What you are asked to do>
Line tally for the word "Hill": count the lines below that contain it and reply with the number alone.

Top of Data provided

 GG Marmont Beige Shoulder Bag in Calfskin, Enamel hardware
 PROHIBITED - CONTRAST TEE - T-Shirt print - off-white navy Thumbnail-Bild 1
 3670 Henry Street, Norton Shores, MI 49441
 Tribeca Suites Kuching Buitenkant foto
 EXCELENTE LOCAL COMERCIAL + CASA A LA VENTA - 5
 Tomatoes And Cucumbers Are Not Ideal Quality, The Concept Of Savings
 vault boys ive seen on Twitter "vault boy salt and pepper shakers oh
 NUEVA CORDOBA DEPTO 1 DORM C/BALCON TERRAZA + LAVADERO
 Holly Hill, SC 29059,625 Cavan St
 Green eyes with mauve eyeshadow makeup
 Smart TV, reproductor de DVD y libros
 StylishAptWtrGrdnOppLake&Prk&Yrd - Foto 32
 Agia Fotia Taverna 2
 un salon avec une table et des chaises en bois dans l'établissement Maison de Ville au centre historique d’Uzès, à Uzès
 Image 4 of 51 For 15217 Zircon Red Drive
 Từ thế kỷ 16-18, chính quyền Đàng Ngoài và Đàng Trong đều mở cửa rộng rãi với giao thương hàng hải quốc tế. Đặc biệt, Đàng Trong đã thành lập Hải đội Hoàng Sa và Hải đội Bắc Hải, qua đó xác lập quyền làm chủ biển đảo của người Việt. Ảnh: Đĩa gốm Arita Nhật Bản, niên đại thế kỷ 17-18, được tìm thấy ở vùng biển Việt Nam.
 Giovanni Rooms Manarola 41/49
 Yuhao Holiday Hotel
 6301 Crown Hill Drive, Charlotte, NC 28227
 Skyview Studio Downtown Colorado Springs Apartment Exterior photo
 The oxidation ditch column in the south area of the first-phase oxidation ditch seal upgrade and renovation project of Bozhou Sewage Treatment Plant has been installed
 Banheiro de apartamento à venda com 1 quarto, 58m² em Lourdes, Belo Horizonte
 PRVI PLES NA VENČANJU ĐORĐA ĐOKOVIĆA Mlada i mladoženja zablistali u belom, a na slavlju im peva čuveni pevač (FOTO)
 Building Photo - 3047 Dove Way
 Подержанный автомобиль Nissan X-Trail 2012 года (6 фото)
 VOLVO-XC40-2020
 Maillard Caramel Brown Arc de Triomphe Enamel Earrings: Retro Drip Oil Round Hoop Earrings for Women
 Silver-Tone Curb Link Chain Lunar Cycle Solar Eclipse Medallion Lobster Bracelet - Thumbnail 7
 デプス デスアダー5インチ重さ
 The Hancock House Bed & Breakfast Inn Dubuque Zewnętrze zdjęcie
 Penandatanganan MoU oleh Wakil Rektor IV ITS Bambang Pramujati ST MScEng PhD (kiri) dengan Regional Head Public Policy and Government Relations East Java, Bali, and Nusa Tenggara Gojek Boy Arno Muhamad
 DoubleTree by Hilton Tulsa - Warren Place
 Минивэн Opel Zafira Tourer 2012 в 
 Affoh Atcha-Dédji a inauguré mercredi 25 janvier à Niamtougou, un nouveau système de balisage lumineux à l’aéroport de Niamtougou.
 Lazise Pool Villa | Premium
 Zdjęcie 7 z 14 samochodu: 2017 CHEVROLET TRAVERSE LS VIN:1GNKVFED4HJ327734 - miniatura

Bottom of Data provided

The answer>
2